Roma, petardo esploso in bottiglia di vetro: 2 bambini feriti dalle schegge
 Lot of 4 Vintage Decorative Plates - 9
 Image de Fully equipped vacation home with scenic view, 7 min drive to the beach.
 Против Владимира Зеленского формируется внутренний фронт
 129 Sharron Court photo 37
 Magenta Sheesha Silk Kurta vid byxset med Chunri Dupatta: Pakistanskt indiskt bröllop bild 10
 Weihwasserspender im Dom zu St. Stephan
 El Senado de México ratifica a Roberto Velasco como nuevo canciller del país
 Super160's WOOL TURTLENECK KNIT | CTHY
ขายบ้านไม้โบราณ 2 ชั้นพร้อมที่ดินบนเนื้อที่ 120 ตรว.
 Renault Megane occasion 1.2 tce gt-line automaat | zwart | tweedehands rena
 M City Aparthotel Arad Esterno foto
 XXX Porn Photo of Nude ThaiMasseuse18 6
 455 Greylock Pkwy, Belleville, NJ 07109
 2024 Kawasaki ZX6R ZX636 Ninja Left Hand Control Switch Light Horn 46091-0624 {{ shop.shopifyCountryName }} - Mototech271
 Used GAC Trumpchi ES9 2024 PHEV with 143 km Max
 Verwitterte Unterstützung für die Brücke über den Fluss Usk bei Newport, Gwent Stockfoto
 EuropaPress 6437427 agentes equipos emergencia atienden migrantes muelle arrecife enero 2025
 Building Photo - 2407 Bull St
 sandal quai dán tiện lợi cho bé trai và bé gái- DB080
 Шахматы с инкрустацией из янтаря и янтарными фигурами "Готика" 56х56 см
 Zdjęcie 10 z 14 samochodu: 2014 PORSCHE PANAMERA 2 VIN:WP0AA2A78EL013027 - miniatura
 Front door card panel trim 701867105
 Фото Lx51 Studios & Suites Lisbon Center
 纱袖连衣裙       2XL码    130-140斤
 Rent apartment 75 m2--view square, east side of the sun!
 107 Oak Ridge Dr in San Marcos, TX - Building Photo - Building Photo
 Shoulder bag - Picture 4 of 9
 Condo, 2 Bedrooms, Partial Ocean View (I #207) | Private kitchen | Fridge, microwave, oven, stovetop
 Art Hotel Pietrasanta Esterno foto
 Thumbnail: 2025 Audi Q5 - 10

● AIM OF THE EXERCISE:
Lines that hold the word "Esterno" are the ones to copy from the entries above.

● RESPONSE BELOW:
 M City Aparthotel Arad Esterno foto
 Art Hotel Pietrasanta Esterno foto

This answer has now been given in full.